To do -> Please write out the listing exactly, with nothing altered.

Dataset section ->
#####

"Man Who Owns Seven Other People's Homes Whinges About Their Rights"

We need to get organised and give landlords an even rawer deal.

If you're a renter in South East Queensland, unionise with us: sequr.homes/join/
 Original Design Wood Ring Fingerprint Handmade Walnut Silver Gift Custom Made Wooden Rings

#####

Response to this exercise ->
"Man Who Owns Seven Other People's Homes Whinges About Their Rights"

We need to get organised and give landlords an even rawer deal.

If you're a renter in South East Queensland, unionise with us: sequr.homes/join/
 Original Design Wood Ring Fingerprint Handmade Walnut Silver Gift Custom Made Wooden Rings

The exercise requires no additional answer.